New Works of Public Art
Olafur Eliasson’s Northwest Passage in MIT.nano (Building 12)
Northwest Passage, a site-specific installation by Olafur Eliasson, is situated on the ceiling of the breezeway of Building 12, MIT.nano. The panels, each of varied size and abstract form, are based on the silhouette and configuration of the pattern of free-floating ice found in the Parry Channel of the Northwest Passage between North America and the Arctic Circle. This project draws inspiration from the dramatic thinning of the ice coverage–a historically impassable frozen route through the Arctic Ocean linking the Pacific to the Atlantic. As of the summer of 2007, the effects of climate change have allowed vessels to sail the passage without requiring an icebreaker, an event that scientists predict will become more and more common with the continued effects of global warming. This development is both a byproduct of global industry and at the same time encourages the growth of trans-global freight shipping which will only further impact the climate.
Olafur will be on campus for an artist talk on February 26. Learn more here.
Nick Mauss’s Dispersed Events in the Landau Chemical Engineering Building (Building 66)

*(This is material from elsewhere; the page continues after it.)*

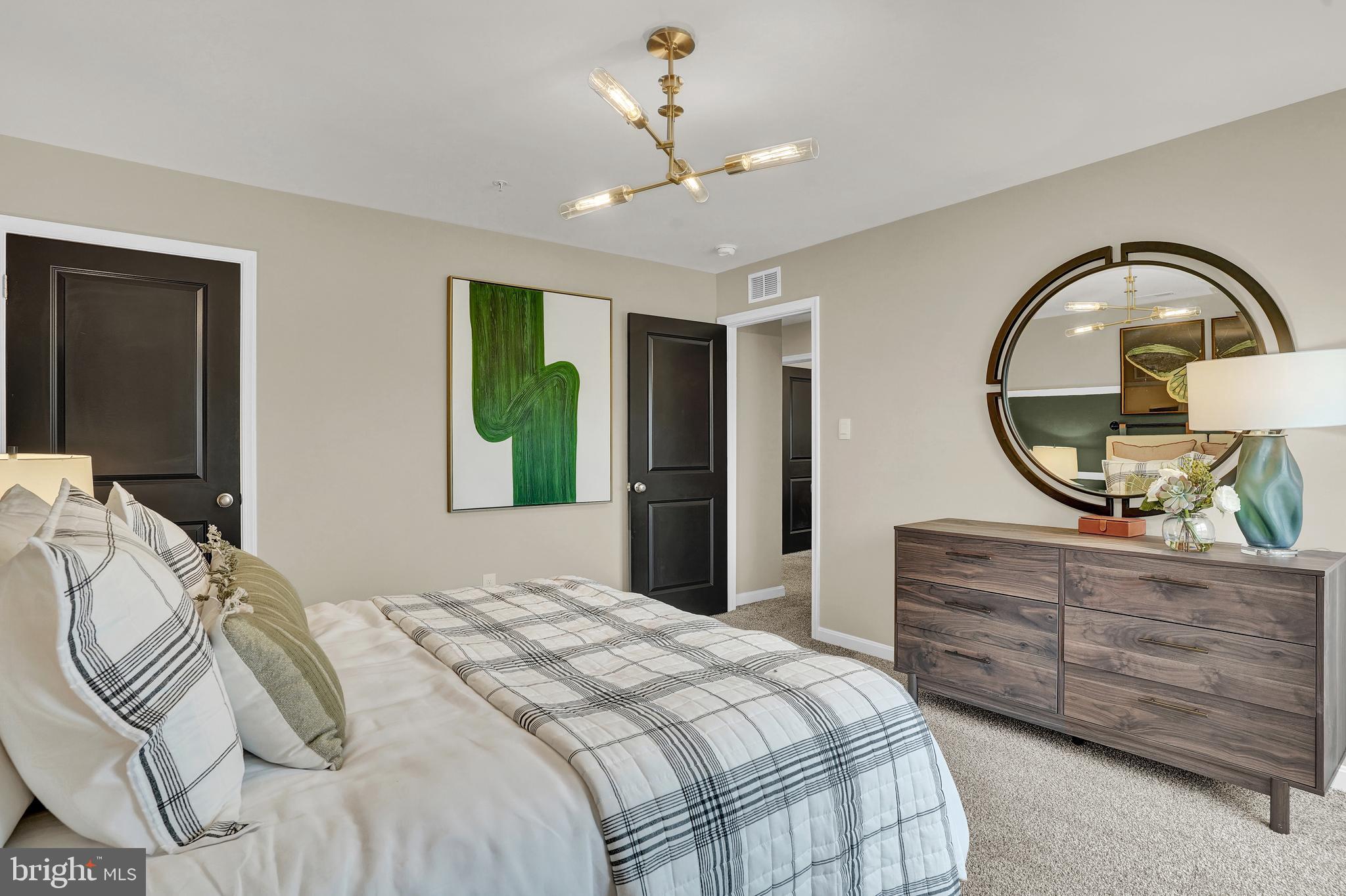 MAGNOLIA SPRINGS - Residential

Nick Mauss’s Dispersed Events is comprised of seven works of varying scales installed throughout the atria and stairways of I.M. Pei’s Landau Chemical Engineering Building (1976). Following a study of Pei’s interior design, building materials, and the architectural traditions of his time, Mauss produced a series of large-scale tin-glazed hand-painted ceramic murals in collaboration with Bottega Gatti, a ceramics atelier known for its history of working with artists since the Italian Futurists in the late 1920s. Exploiting and exaggerating the unpredictability of the ceramic painting process, Mauss draws out surprising chemical reactions and color effects through the firing process and manipulates the material to create surfaces akin to watercolor and ink-painting.